Disease management asks you to make changes despite who you are. The recovery model invites you to change because of who you can become.
The disease management model stains your identity with “what you got.” The recovery model liberates your identity with what you can overcome.
In the disease management model you are the source of deprivation. In the recovery model you are the source of strength.
Both see the reality of distress and misery in life although their accounts of it may widely differ. Only the recovery model sees the reality of transformed life.Identity is a major key in life.
Everything from the car we drive to the food we eat to the clothes we wear is sold on the basis of what it says about the kind of person we are. The identity of mentally ill is for many a “spoiled identity. ” It is not something likely to win many hearts. As one friend said, “If the mental health system sold cokes we would all be drinking pepsi.”
For an industry devoted to helping people change psychiatry (disease management) has precious little idea why people change. They believe that is simply a matter of giving the information about what someone needs to do in an expert fashion and they will do it. If they dont then they lack motivation. And if they are chronically unmotivated then, according to the “gunslinger” wing of psychiatry you threaten them till they see the error of their ways and show they will behave.You couldnt even sell toilet paper like that.
It is a significant problem in the mental health system that many of the people it serves just dont buy into it. For many people the problem is not that they dont know they have a problem. Its that the system that serves them doesnt know it does. You frequently hear people talk of the lack of insight people with mental health issues. Maybe the problem has less to do with the identification of the problem and more to do with a lack of faith in the solution.

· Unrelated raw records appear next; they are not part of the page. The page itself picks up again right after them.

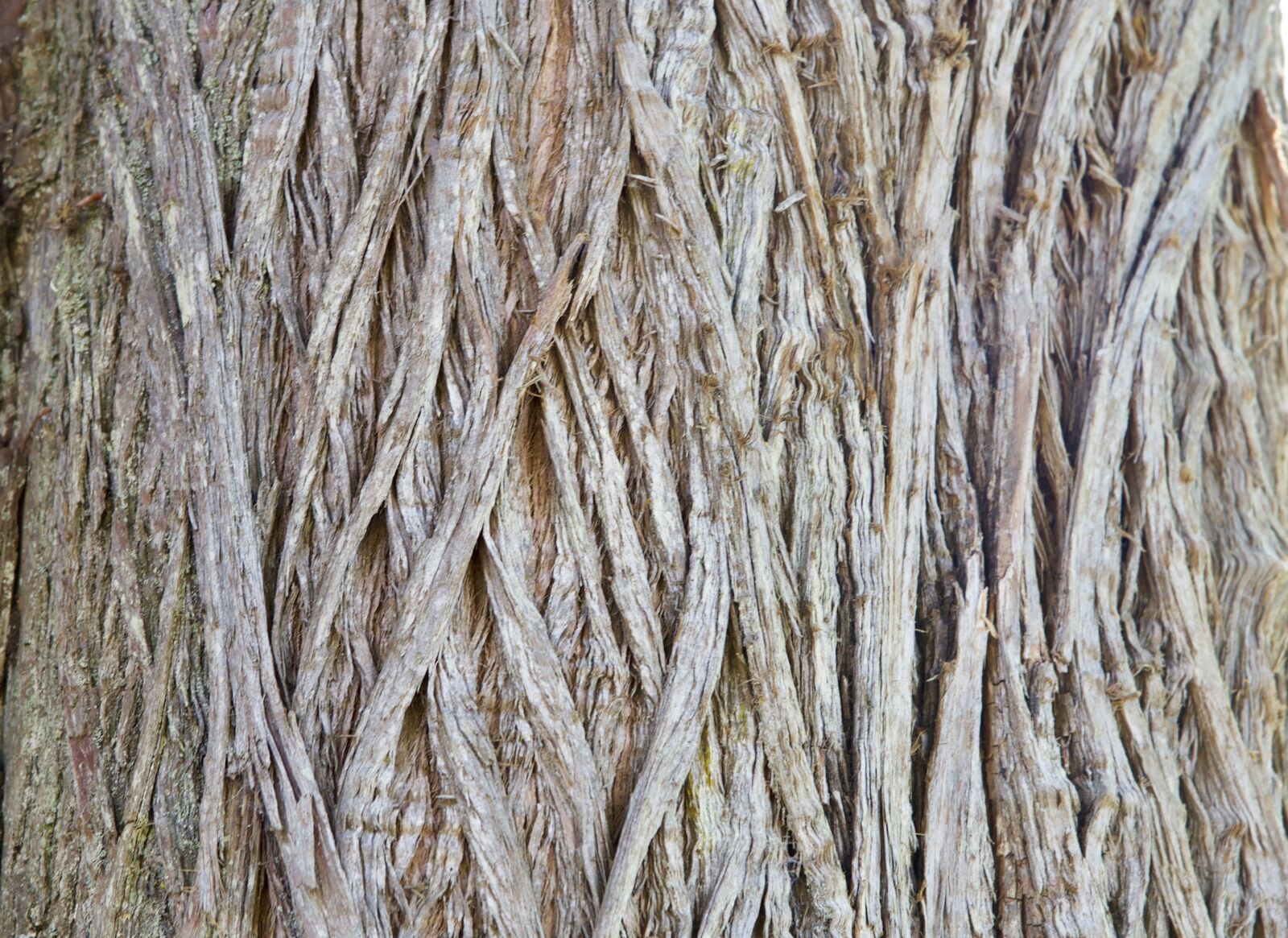 Nikon D750 sample photo. Texture, bark, wood photography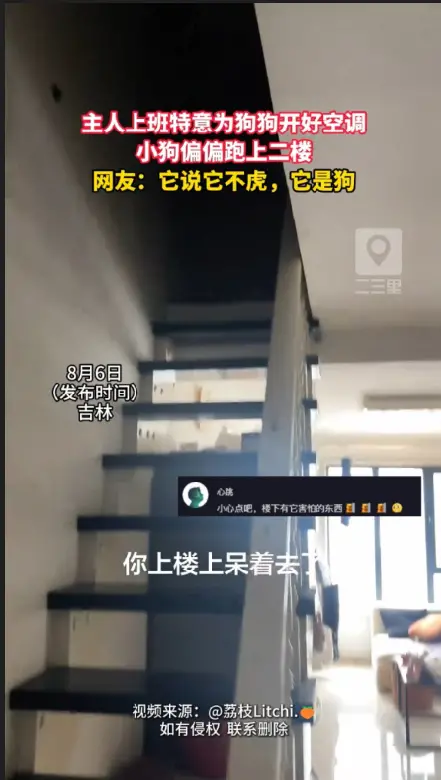 主人好心开好空调给狗子避暑，结果完全不买账 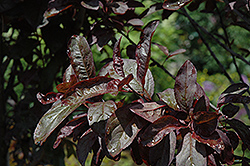 Mt. St. Helens Plum (Prunus cerasifera 'Mt. St. Helens') at Lakeshore Garden Centres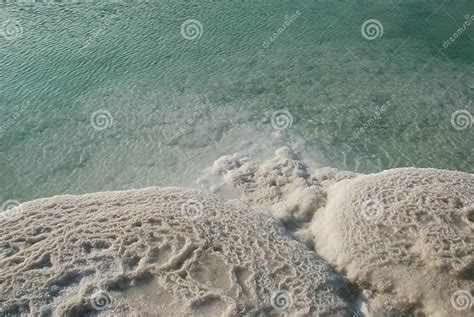Minerals Of Dead Sea Stock Photo Image Of Water Sediments 6527722
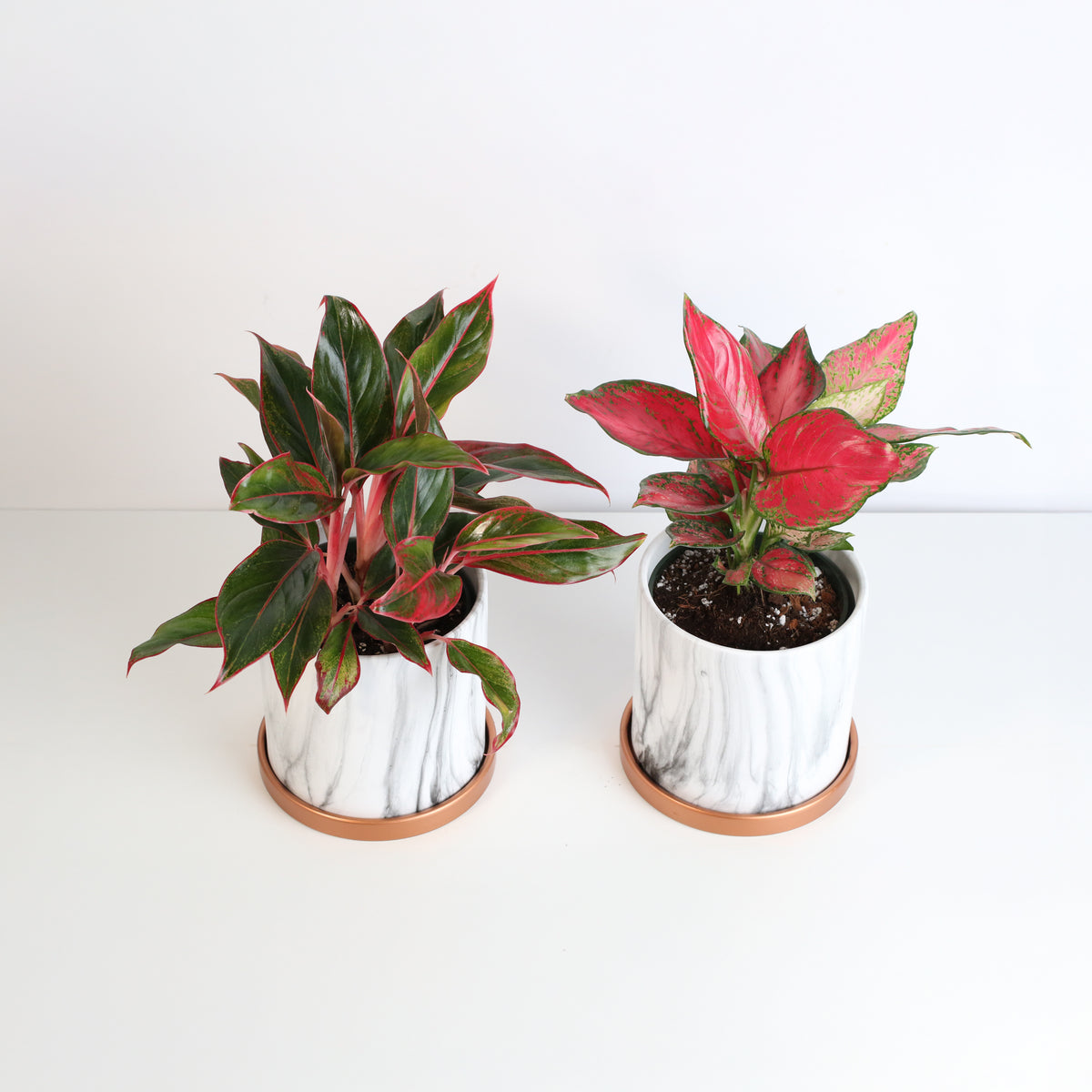 Lucky Chinese Evergreen Plants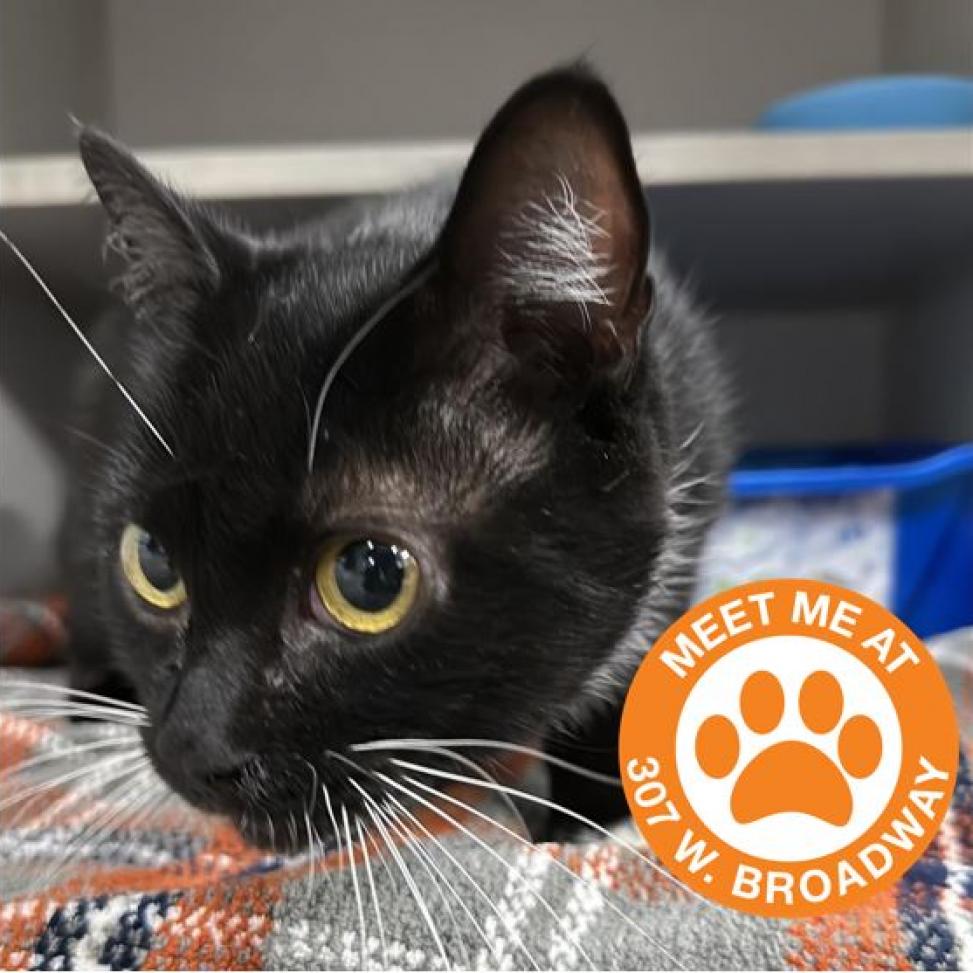 Cat adoption in New York, NY 10011 Domestic Short Hair Cat "Mama"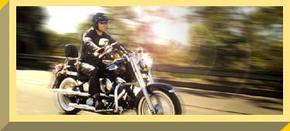 Easy Rider - Accommodation in Bendigo 1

This is from an earlier post:
Many people find the mental health system intolerable or even useless because of what they believe it says about the kind of people they are. The mental health system makes sense of mental health issues in such a way that it speaks predominantly about the “judgement of mental illness.” It tells them the most they can expect is a diminished life dealing with a life long affliction that will probably only get worse. It tells them they will be forever dependent on professional treatment and often that they will have to take medication for the rest of their life. The medication helps many, but for many others doesnt work nearly as well as advertised and in fact has side effects that are dangerous and drastically affect the quality of daily life. The disease concept is justified as a way to tell people it isnt their fault, but fault or not, leaves many feeling that their lot in life is to be forever left out of good things and marked as somehow deficient and not as really human as other people. If they accept this “judgement” for many it also means they are in danger of being treated with prejudice by those around them and perhaps excluded from relationships and groups they formally were part of. They also find that many of the people who try to help them are suspicious of their commitment to making a better life. They tend to believe that “mental patients” cant be trusted and really dont want to change. They talk about some people as “frequent flyers” and often dont believe the people they are trying to tell to change are likely in the end to do the things necessary to change.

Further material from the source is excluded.